# Task
Although the listing contains pictures, reproduce only its text, exactly as written.

***** Data below

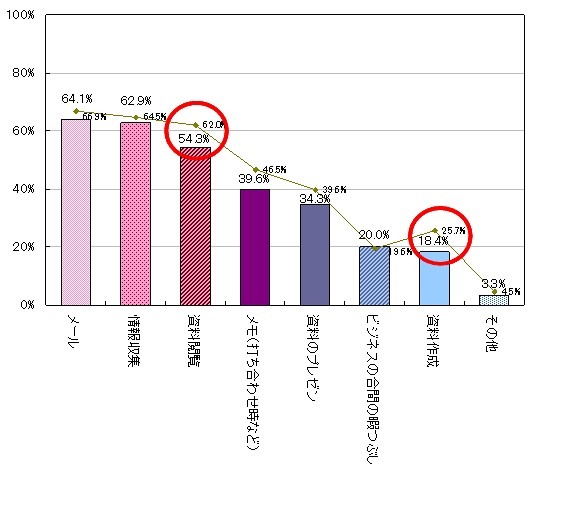 「利用前に期待していた用途」と「利用開始後の用途」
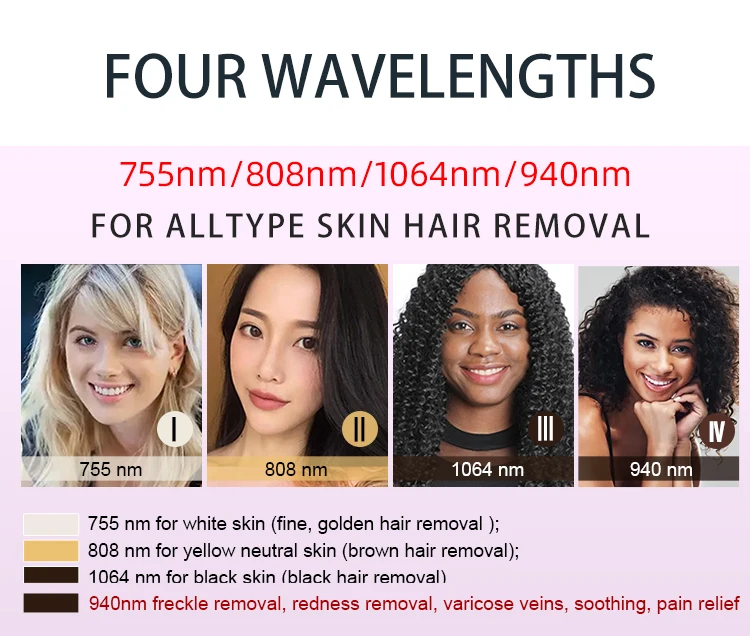 automatic diagnosis 6 spot size ice laser diode 808nm 4 wave germany 808 1064 nm diode laser hair removal machine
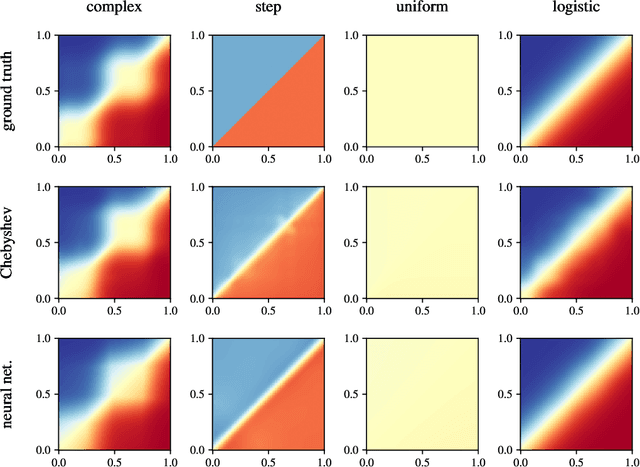 Figure 1 for Model inference for ranking from pairwise comparisons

**********

# Worked solution
 「利用前に期待していた用途」と「利用開始後の用途」
 automatic diagnosis 6 spot size ice laser diode 808nm 4 wave germany 808 1064 nm diode laser hair removal machine
 Figure 1 for Model inference for ranking from pairwise comparisons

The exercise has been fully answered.